Monday 28 November 2011

PIVOT and UNPIVOT T-SQL Operator : Part 2 (UNPIVOT)


In my previous post I explained about Pivoting using PIVOT operator or Standard SQL. In this post I will explain Unpivoting in SQL. I suggest you to read my previous post on Pivoting (http://sqlenthusiast.blogspot.com/2011/11/pivot-and-unpivot-t-sql-operator-part-1.html). This will help you to understand unpivoting better.


Unpivoting Data :
Unpivoting is the technique to rotate from state of column to state of rows. It involves querying the pivoted state of data, producing out of each input to multiple output rows. It is very difficult to understand Unpivoting by definition, here I will explain unpivoting with example.

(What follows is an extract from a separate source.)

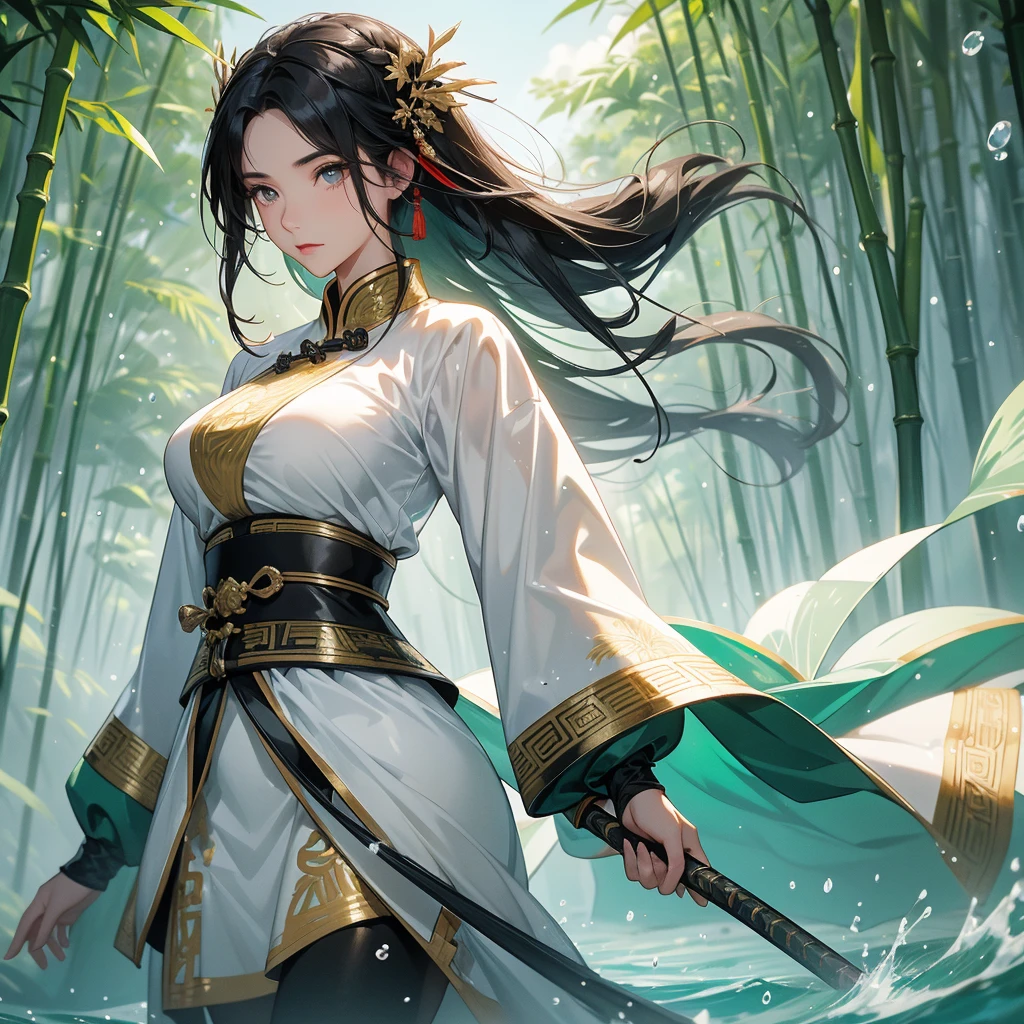 a beautiful woman black-haired female general holding a large sword in ancient Chinese general costume, the back-white is a lush green bamboo forest. the air after rain has water droplets splashing around.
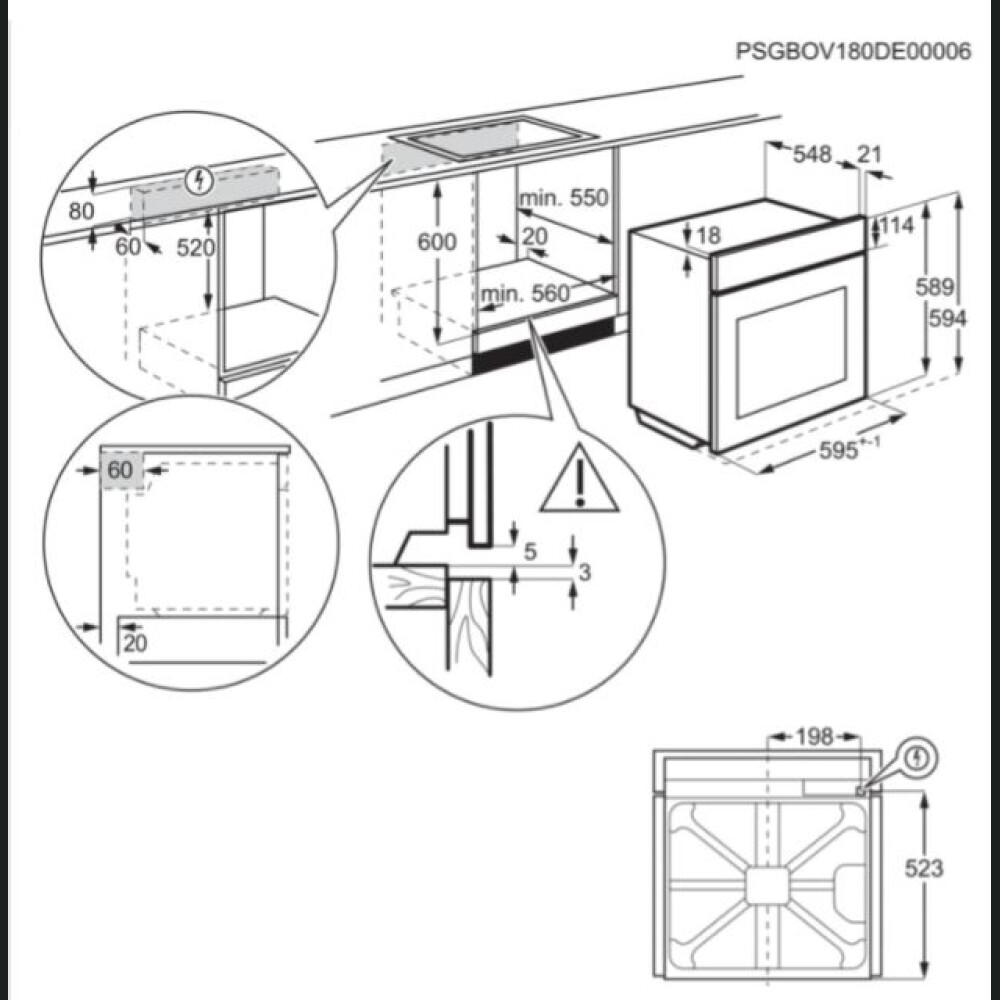 Furrë e integruar Electrolux EOF5C50V, me vetëpastrim , 72 litra, A, e bardhë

For demonstration puppose please run the following code in Listing 1.1. Hear I am creating projects table and filling it with sample data. Then I create 'MgrClientProject' table. Which is filled with rows of resultset that we got by Pivoting data of Projects table for manager and clients. 
 

Listing1.1
USE tempdb;

IF OBJECT_ID('dbo.Projects', 'U') IS NOT NULL DROP TABLE dbo.Projects;

CREATE TABLE dbo.Projects
(
projectid INT NOT NULL,
admissiondate DATE NOT NULL,
mgrid INT NOT NULL,
clientid VARCHAR(5) NOT NULL,
daysCount INT NOT NULL,
CONSTRAINT PK_Projects PRIMARY KEY(projectid)
);

INSERT INTO dbo.Projects(projectid, admissiondate, mgrid, clientid, daysCount)
VALUES
(30001, '20090802', 3, 'A', 10),
(10001, '20091224', 2, 'A', 12),
(10005, '20091224', 1, 'B', 20),
(40001, '20100109', 2, 'A', 40),
(10006, '20100118', 1, 'C', 14),
(20001, '20100212', 2, 'B', 12),
(40005, '20110212', 3, 'A', 10),
(20002, '20110216', 1, 'C', 20),
(30003, '20110418', 2, 'B', 15),
(30004, '20090418', 3, 'C', 22),
(30007, '20110907', 3, 'D', 30);

Select mgrid, [A], [B], [C], [D]
INTO MgrClientProject
from (Select mgrid, clientid, daysCount from dbo.Projects) as D
PIVOT (SUM(daysCount) FOR clientid in (A,B,C,D)) as P;

Select * from MgrClientProject


Here is the output of the query to select rows of MgrClientProject table.
mgrid A B C D
1 NULL 20 34 NULL
2 52 27 NULL NULL
3 20 NULL 22 30
Fig1.1


The table has rows for each manager and column for each client and in the intersection of mgrid and clientid we have daysCount values for the projects. For each irrelevent combination of manager and client we have null in the intersection. We are requested to give unpivoted data from this table. We need to generate output having rows for each mgrid and client along with their dayscount value of their project. The desired output should be this.

mgrid clientid daysCount
1 B 20
1 C 34
2 A 52
2 B 27
3 A 20
3 C 22
3 D 30
Fig1.2


Unpivoting involves implementing three logical processing phases : producing copies, extracting elements and eliminating irrelevent intersections.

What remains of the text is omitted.